In 2006 the SIV program was started to provide visas for Afghans who helped the U.S. in our war on terror in Afghanistan. The implicit promise of “if you take care of me, I’ll take care of you” was made explicit. Khaled qualified for and submitted his complete application for the Special Immigrant Visa for himself and his family in 2018. After more than a decade of putting his life on the line on behalf of Americans, this was well-deserved.
However, three years later, his application has not yet been approved by the U.S. government. He’s stuck in limbo. His experience is shared by thousands, possibly tens of thousands of other Afghans whose lives are at risk because they worked with the U.S., and who are still waiting for approval for their applications. . . .
Are we really going to leave Khaled behind? After he saved my life on multiple occasions, are we just going to turn our backs on him and his family?

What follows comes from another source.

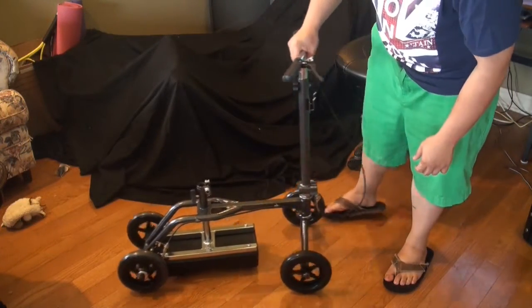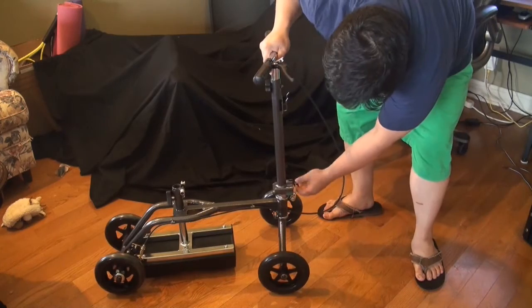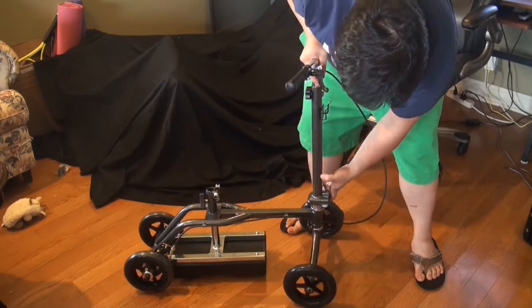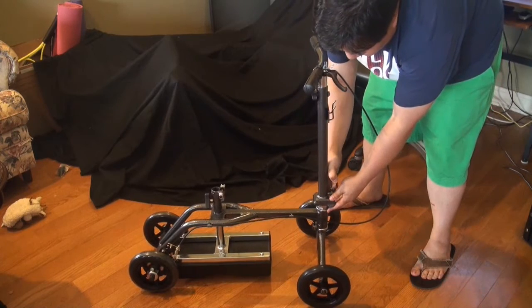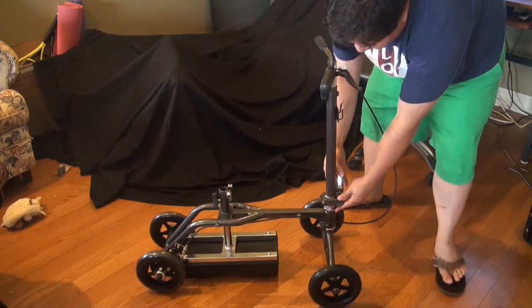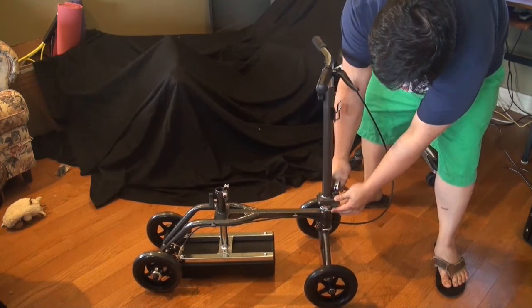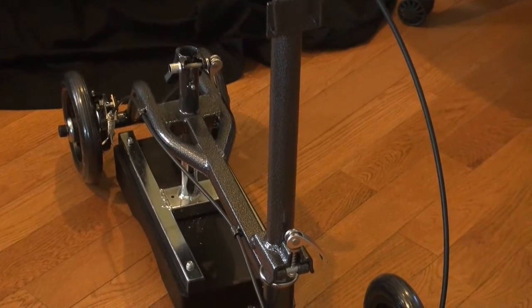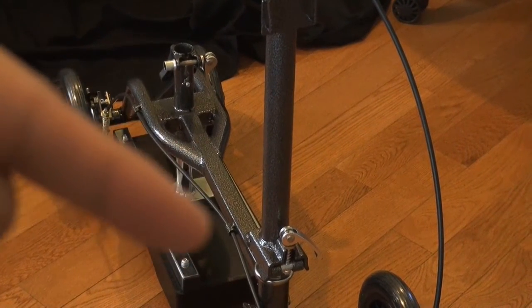First and foremost, you pull that handle up, and then you're going to need to press down that metal plate thing. Everything is in the instructions — I'm just going by the graphic representation. That little bar there is the one I just adjusted.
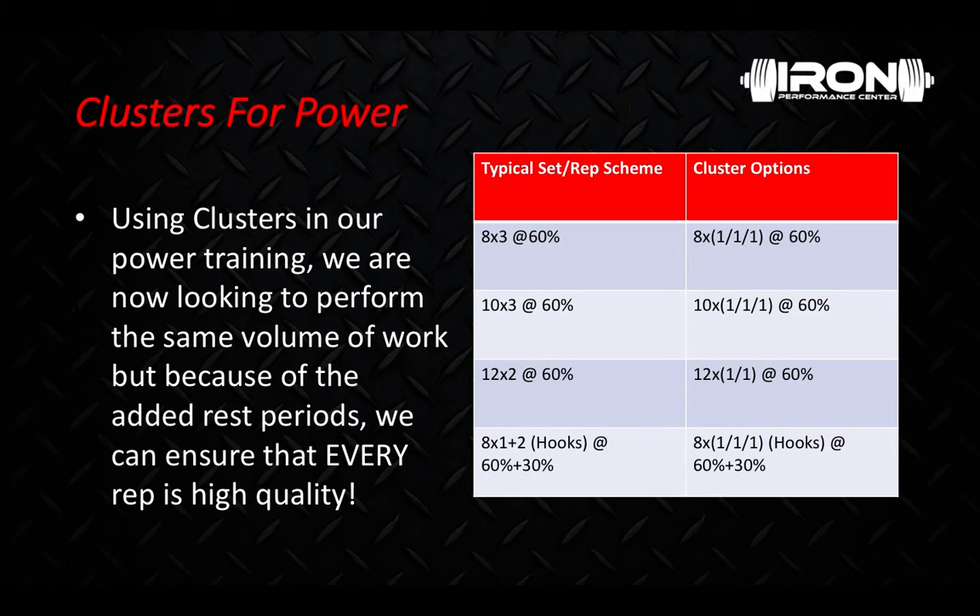As far as tools for power: barbells, med balls for throws, trap bar jumps for accommodating resistance, chains, bands, and as mentioned, we can use eccentric hooks as well.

I’m not making an appeal to keep U.S. troops in Afghanistan indefinitely. I don’t have policy solutions or know what should happen militarily. All of that is outside my lane. But, I do know that we promised these people we would protect them. We said we’d protect their families.
Those who served with the translators have been advocating for them for years.
There are myriad stories of how American lives were saved by these brave people. Now, that we have withdrawn and the country is being overtaken by the Taliban, will we leave them behind? Will we break our promise to them? If we do, we have every reason to believe we are helping them along to their death.
I’m not writing to make a foreign policy case or an economic argument here. I’m not interested in the political ramifications of what happens and who is to blame for this colossal failure. What I’m interested in the moral obligation we have to vulnerable people who trusted us. This is wrong. This should not be. We should go get these people, not because of some great perceived benefit to our national interest, but because we promised them, because it is the right thing to do, and because their lives are hanging in the balance.
As a Christian and a pastor, I believe that God has a special concern for the vulnerable and the sojourner. The Scriptures are filled from beginning to end with the sentiment of care for those in danger that is close to the heart of God. I also believe that when we, as a people, make vows to protect those who endanger themselves for us, that we must make every effort to fulfill those vows. We have an obligation to help Afghan translators and their families because they helped us. Because we promised we would. And because the only reason they are now in danger is precisely because they helped us.
Any plans to withdraw U.S. troops should have included from the beginning plans to withdraw these people to safety. All plans going forward must regard their rescue as a top priority.
Over the past few years, America has struggled to have compassion for the vulnerable and the refugee. Our hearts have hardened when it comes to how we see and treat those in need around us. That part of America’s character now faces a test. What we do for the Afghan translators in the next week will tell us what kind of character we have.
Who will we be as a people in the coming years? The answer will be found, in part, in how we treat the translators of Afghanistan and it will be decided in the streets. In the airport of Kabul. And in the hearts and minds in each of us here in America.